Actually, I'd say that both of the other answers are half-wrong. The true answer is:
Basically, there are 3 possible options (although they aren't the only ones possible):
1a) (most common) a LED receives a current through a current-limiting resistor, the current path ends after the LED (ground etc);
In this case you can safely remove the LED, making it open-circuit. You can keep the resistor, the current won't flow through it anyway.
1b) a LED receives a limited current through a constant or current-limited current supply, the current path ends after the LED.

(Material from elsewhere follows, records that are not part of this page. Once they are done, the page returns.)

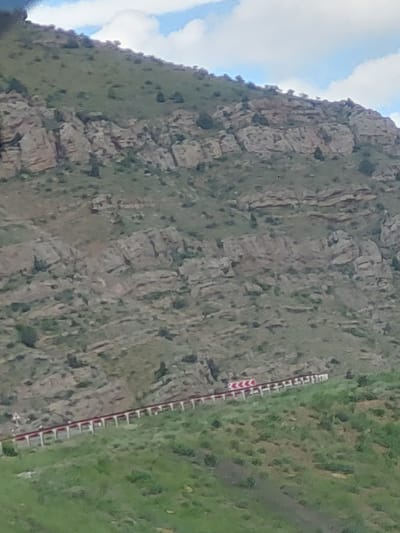 This image captures a rugged mountainous landscape, likely situated in Tigranashen, Armenia. The scene is dominated by a steep, rocky mountainside covered with patches of green vegetation and sparse bushes. The geological formations consist of large, greyish-brown rocks with visible stratification and cracks.

In the upper and lower left portions of the tilted frame, segments of a bright blue sky with white, fluffy clouds are visible, indicating a daytime setting, possibly under partly cloudy conditions. The lighting suggests it is bright, likely during late morning or afternoon.

A prominent feature in the lower right half of the image is a road barrier, stretching diagonally across the frame. This barrier is characterized by a repeating pattern of red and white chevron markings, typically used to indicate a curve, hazard, or edge of a road. Adjacent to the barrier, the ground is covered with lush green grass and some darker patches of shrubbery.

The image is captured with a noticeable tilt, presenting the mountain face and the barrier at an angle rather than horizontally or vertically. No people or specific activities are discernable within the frame, focusing solely on the natural and man-made elements of the landscape. The scene conveys a sense of a remote, natural environment traversed by a road, common in mountainous regions.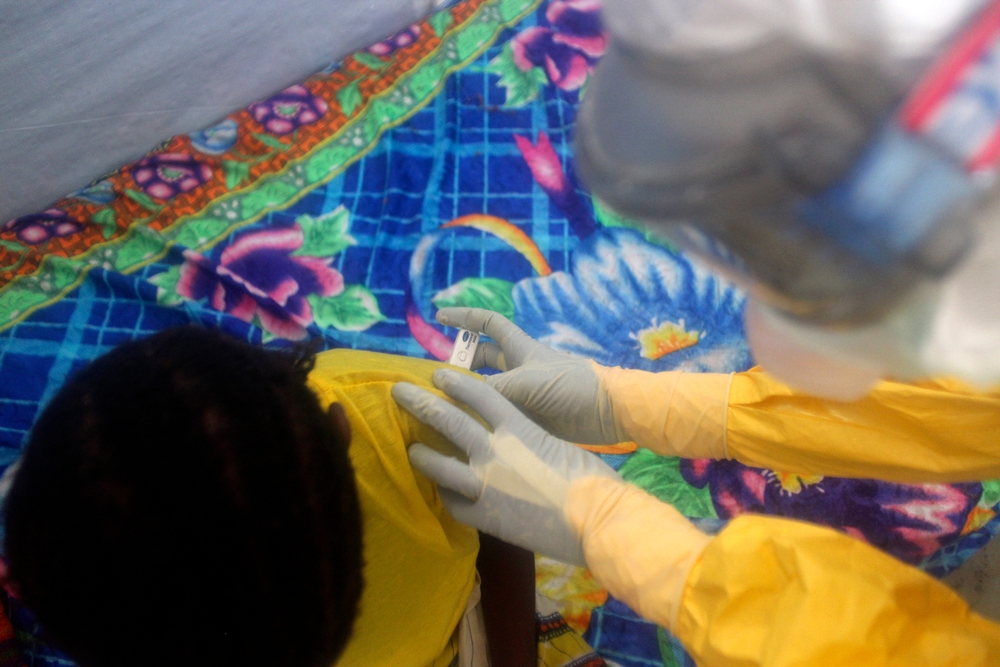 Een verpleger neemt de temperatuur. Koorts is een teken van ebola © Amandine Colin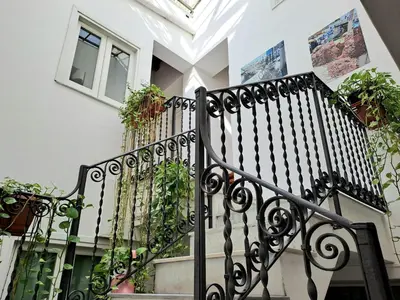a black wrought iron staircase with potted plants at Ai Tintori in Palermo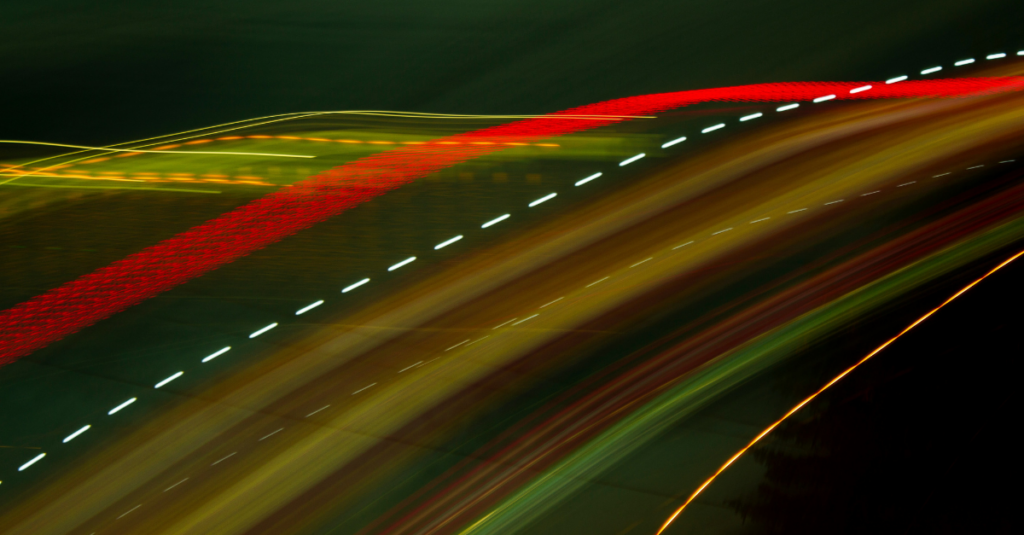 Colorful light trails streak across a dark road at night, forming curved, dynamic lines.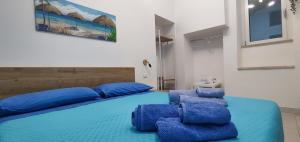 a bedroom with a blue bed with blue pillows at Il Vicoletto in Pisticci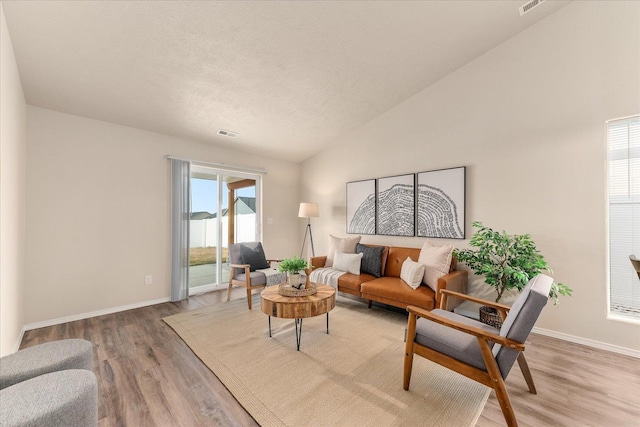 living room with vaulted ceiling, visible vents, light wood-type flooring, and baseboards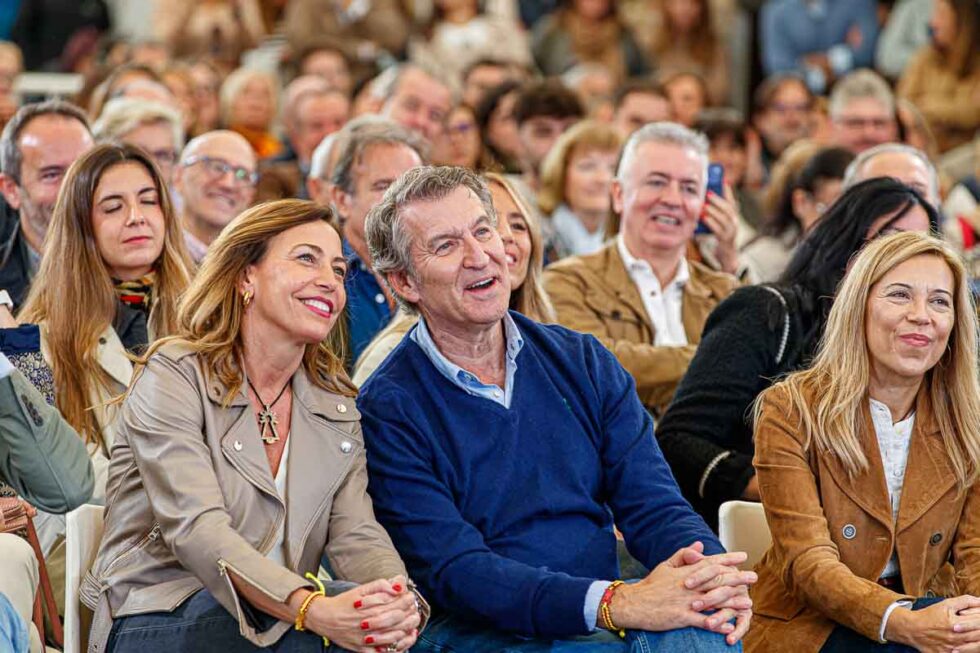 Natalia Chueca y Alberto Núñez Feijoo sonríen sentados en Zaragoza ante un acto del PP
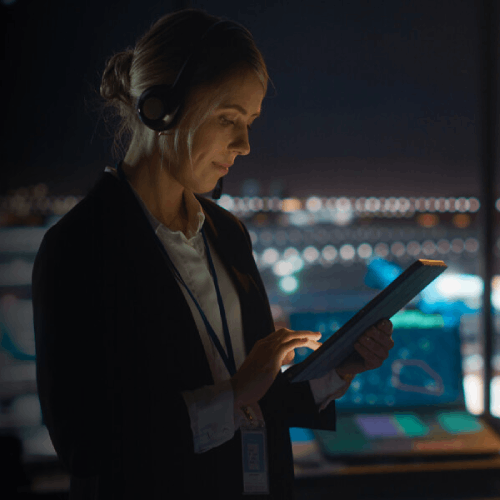 A professional woman in a business suit uses a tablet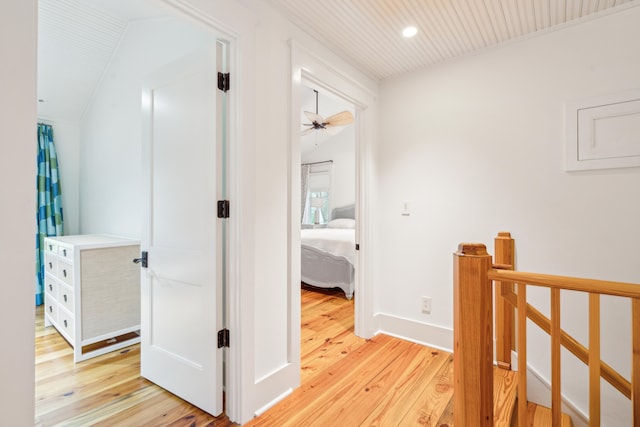 hall with light hardwood / wood-style floors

In this case, you won't find a current-limiting resistor - but you can still remove the LED without any side effects other than small overall current consumption reduction. note: while most (if not all) current sources have some kind of open-circuit protection, in very rare cases you may end with it pushing the drive voltage to the extreme, possibly damaging it
2) a LED receives a unlimited current, but with a limited voltage. You may find this solution in some low-end electronics OR in cases where the supply voltage is about Vd of the diode.
In this case, since the entire voltage drop happens on the diode, it's rather impossible that the current powers anything else, so you can usually safely unplug/unsolder it.
3) a LED receives a current and the current path doesn't end after the LED. It may be used as a rectifier or voltage dropper.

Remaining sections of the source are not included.